##### Records

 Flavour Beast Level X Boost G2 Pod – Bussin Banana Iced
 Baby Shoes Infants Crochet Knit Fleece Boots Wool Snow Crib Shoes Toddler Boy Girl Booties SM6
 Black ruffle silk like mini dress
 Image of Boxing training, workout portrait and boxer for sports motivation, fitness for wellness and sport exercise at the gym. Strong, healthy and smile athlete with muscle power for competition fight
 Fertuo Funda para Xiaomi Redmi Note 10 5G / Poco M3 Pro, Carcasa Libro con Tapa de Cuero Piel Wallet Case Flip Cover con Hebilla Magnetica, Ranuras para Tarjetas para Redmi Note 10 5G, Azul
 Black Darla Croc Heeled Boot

##########
##### Records

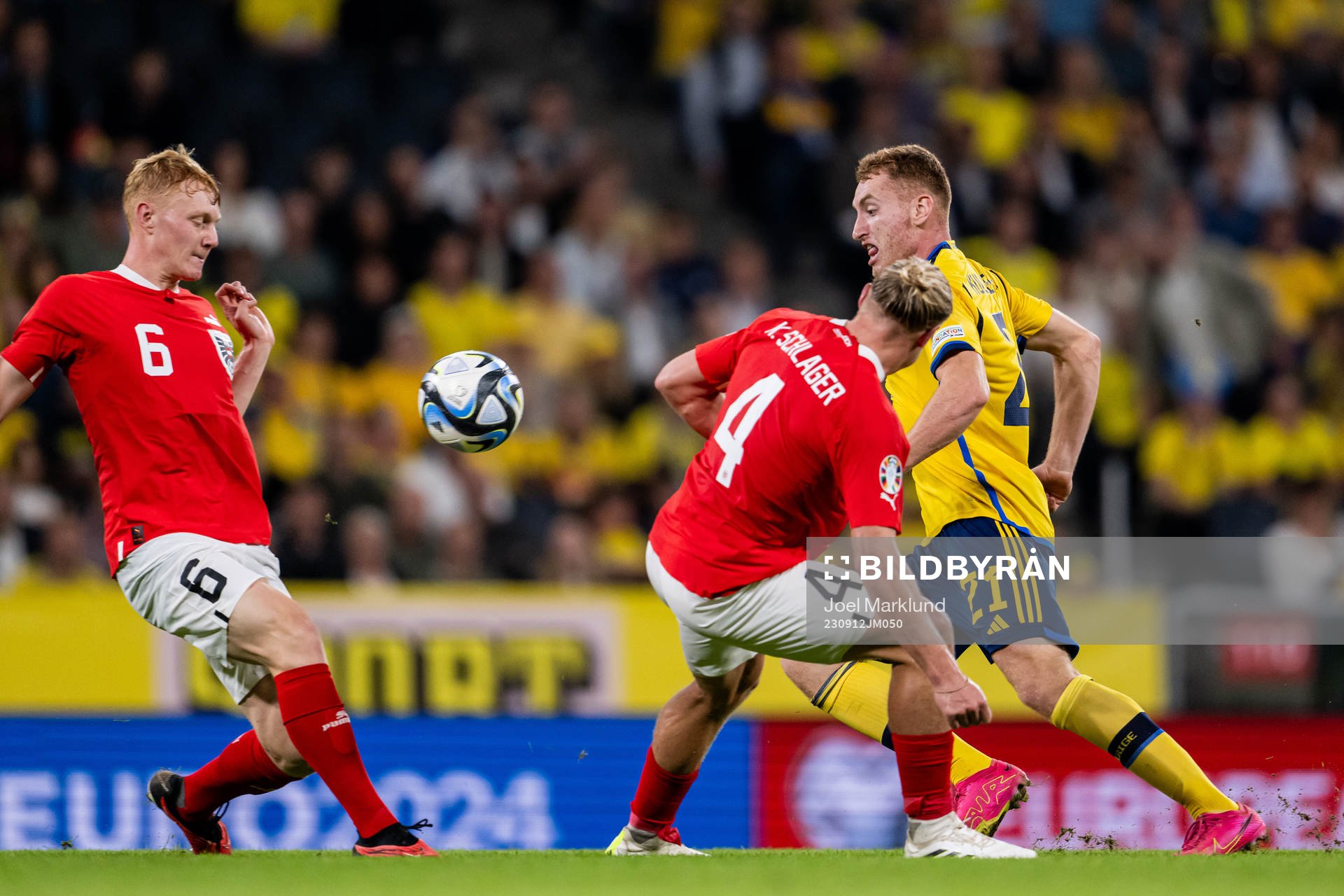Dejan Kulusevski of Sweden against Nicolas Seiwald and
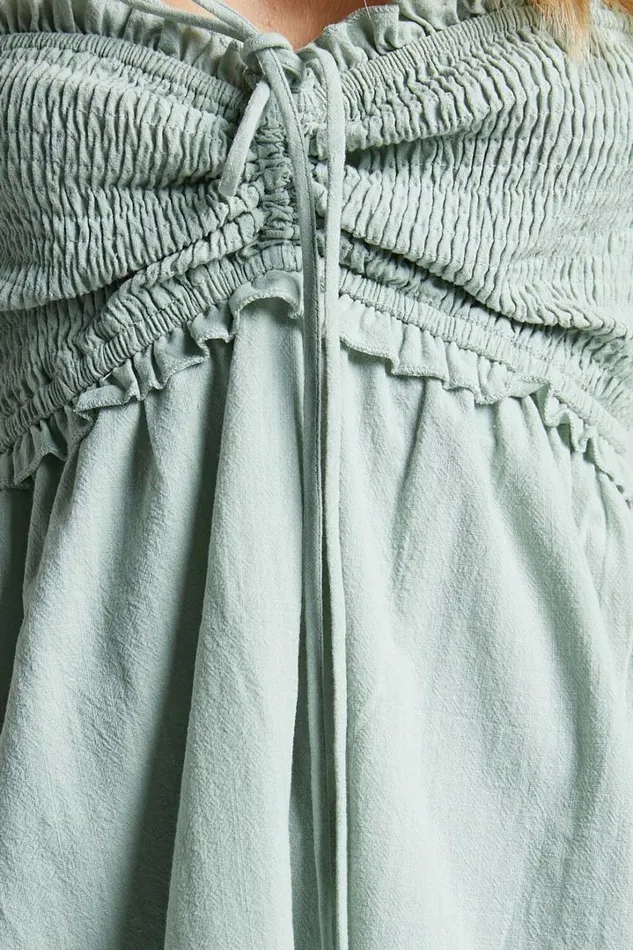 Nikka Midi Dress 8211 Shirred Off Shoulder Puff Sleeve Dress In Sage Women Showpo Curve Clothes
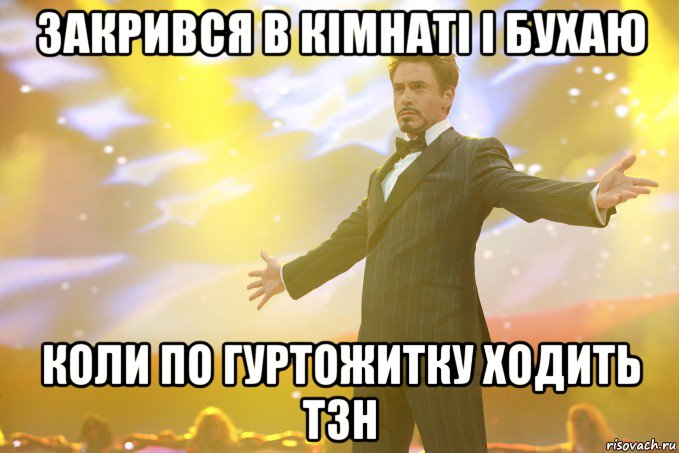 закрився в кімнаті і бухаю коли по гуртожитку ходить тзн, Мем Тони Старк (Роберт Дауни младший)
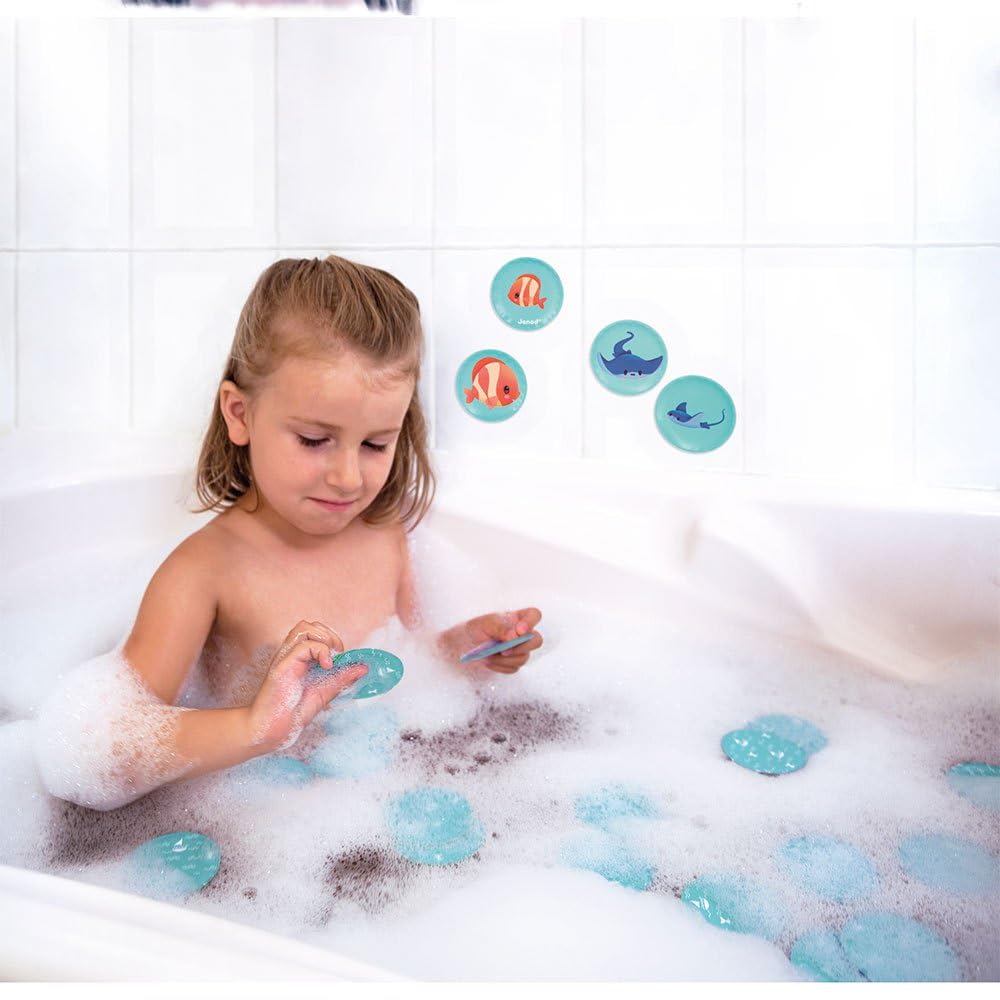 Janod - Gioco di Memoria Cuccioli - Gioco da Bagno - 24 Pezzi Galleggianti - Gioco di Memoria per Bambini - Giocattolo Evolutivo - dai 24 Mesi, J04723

##########

Problem description = Looking at the data above, write out exactly the lines that start at the one containing "Flavour Beast Level" and end at the one containing "Black ruffle silk like mini dress"; include both and nothing beyond.

Problem solution =
 Flavour Beast Level X Boost G2 Pod – Bussin Banana Iced
 Baby Shoes Infants Crochet Knit Fleece Boots Wool Snow Crib Shoes Toddler Boy Girl Booties SM6
 Black ruffle silk like mini dress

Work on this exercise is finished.